In Wattenberg, the Company plans to operate one drilling rig for the remainder of the year, while anticipating to resume completions late in the third quarter, assuming commodity pricing supports such a decision. The 2020 Delaware Basin capital program was largely completed for the year in the second quarter, with the expectation to spend less than $20 million on various leasing and other projects the remainder of the year.

In 2020, the Company projects to generate more than $300 million of free cash flow, assuming $35 per Bbl WTI, $2 per Mcf NYMEX natural gas and NGL realizations of approximately $9 per barrel for the remainder of the year. PDC anticipates generating material free cash flow in each the third and fourth quarters.

The Company increased its oil production range for 2020 by five percent to 64,000 to 68,000 barrels per day while increasing its total production to a range of 175,000 to 185,000 Boe per day. Each figure includes immaterial curtailments for the remainder of the year. PDC projects similar volumes in the third quarter as the second quarter before decreasing approximately ten percent on a sequential basis and averaging an estimated 170,000 Boe per day and 60,000 Bbls per day, respectively in the fourth quarter.

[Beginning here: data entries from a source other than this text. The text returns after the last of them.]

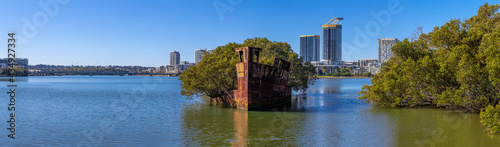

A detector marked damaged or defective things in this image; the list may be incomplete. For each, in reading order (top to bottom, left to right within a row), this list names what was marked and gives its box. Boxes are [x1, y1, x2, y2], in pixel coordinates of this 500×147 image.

rusted shipwreck [219, 46, 292, 109]
corroded metal hull [229, 46, 290, 109]
rusty ship hull [229, 46, 292, 109] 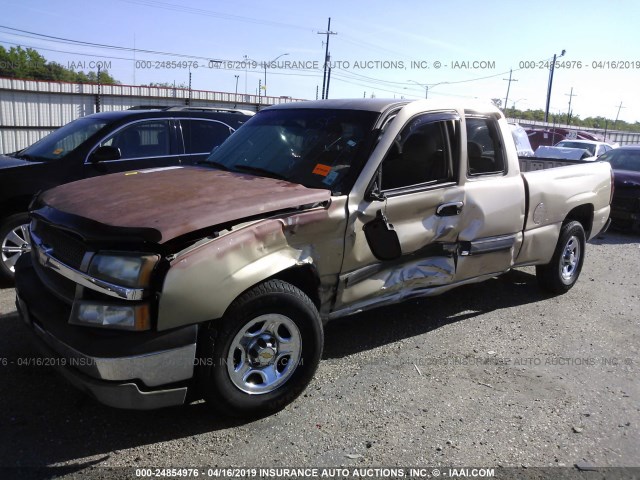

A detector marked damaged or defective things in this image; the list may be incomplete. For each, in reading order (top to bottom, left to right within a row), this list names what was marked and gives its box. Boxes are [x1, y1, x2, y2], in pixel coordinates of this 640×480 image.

rust on hood [37, 169, 330, 244]
crumpled hood [37, 166, 332, 244] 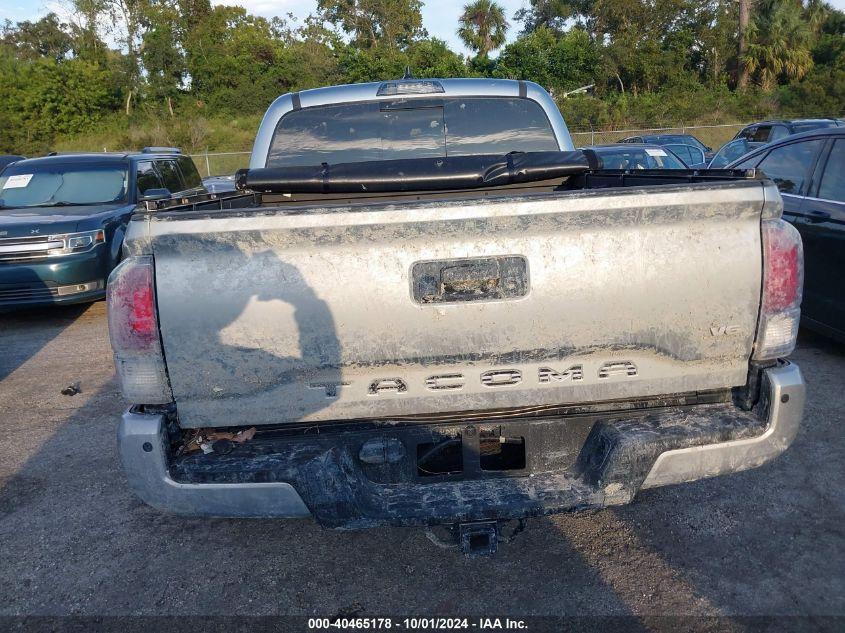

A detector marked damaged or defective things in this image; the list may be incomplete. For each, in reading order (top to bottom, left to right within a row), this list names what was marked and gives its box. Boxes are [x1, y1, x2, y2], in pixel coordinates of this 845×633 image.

damaged bumper [115, 362, 800, 524] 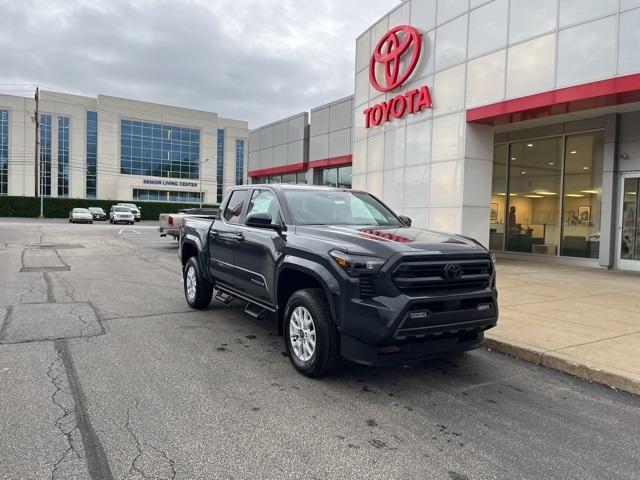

Finally, PDC decreased its expected 2020 LOE to a range of $170 million to $180 million, or approximately $2.65 per Boe while anticipated general and administrative expense ("G&A") remains unchanged at $135 million to $140 million, or approximately $2.05 per Boe for the full-year, and does not include approximately $20 million of deal costs associated with the SRC merger incurred in the first quarter. The Company projects G&A of less than $2.00 per Boe in the second half of the year.

The table below provides additional 2020 financial guidance:

  Low   High
Production (MBoe/d) 175     185  
Capital Investments (millions) $ 500     $ 550  
       
Operating Expenses
LOE (millions) $ 170     $ 180  
Transportation, gathering & processing expense ("TGP") ($/Boe) $ 1.00     $ 1.15  
Production taxes (% of Crude oil, natural gas & NGLs sales) 6.0 %   7.0 %
G&A (millions) $ 135     $ 140  

2021 Preliminary Outlook

The Company's preliminary 2021 Outlook remains unchanged from an operational standpoint and contemplates total capital investment between $500 million and $600 million with approximately $250 million of projected free cash flow assuming $40 per Bbl WTI oil, $2.50 per Mcf NYMEX natural gas and NGL realizations of approximately $9 per barrel.

Similarly, PDC's 2021 production and oil production estimates remain unchanged from prior guidance on an absolute basis; however, due to an increase in projected 2020 volumes, 2021 volumes are now expected to be flat on an annual basis, or 175,000 to 185,000 Boe per day, compared to prior guidance of approximately five to ten percent annual growth. First quarter 2021 daily volumes are projected to decrease less than five percent compared to the fourth quarter of 2020, prior to increasing throughout the year. The Company projects its fourth quarter 2021 oil production and total production volumes to reflect approximately ten percent growth compared to the fourth quarter of 2020.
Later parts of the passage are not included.